>>

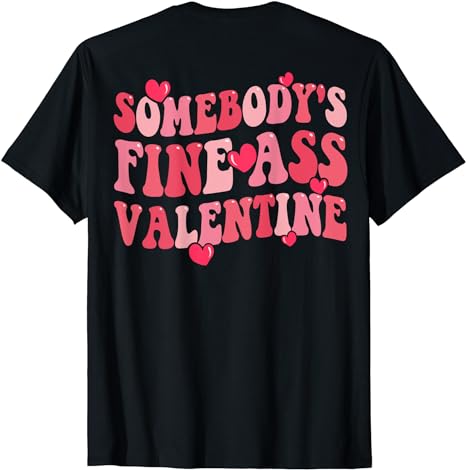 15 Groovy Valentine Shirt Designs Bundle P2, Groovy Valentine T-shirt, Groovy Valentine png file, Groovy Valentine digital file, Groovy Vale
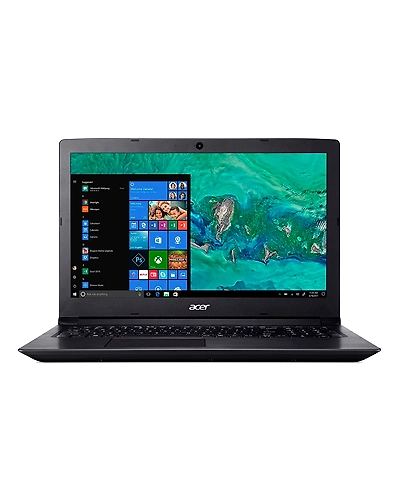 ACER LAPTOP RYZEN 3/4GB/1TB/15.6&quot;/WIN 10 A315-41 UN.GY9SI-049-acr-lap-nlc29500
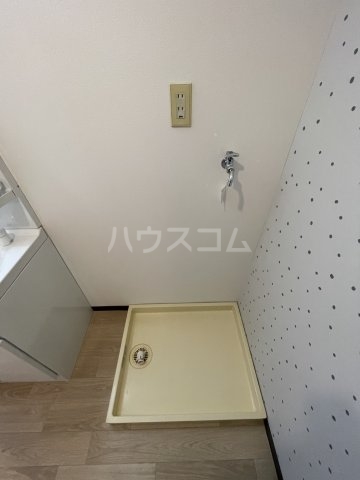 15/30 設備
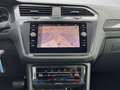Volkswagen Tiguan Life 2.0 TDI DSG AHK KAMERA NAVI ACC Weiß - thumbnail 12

<<

## Work instructions
Leaving the pictures out, give back each line above exactly.

## Solution below
 15 Groovy Valentine Shirt Designs Bundle P2, Groovy Valentine T-shirt, Groovy Valentine png file, Groovy Valentine digital file, Groovy Vale
 ACER LAPTOP RYZEN 3/4GB/1TB/15.6&quot;/WIN 10 A315-41 UN.GY9SI-049-acr-lap-nlc29500
 15/30 設備
Volkswagen Tiguan Life 2.0 TDI DSG AHK KAMERA NAVI ACC Weiß - thumbnail 12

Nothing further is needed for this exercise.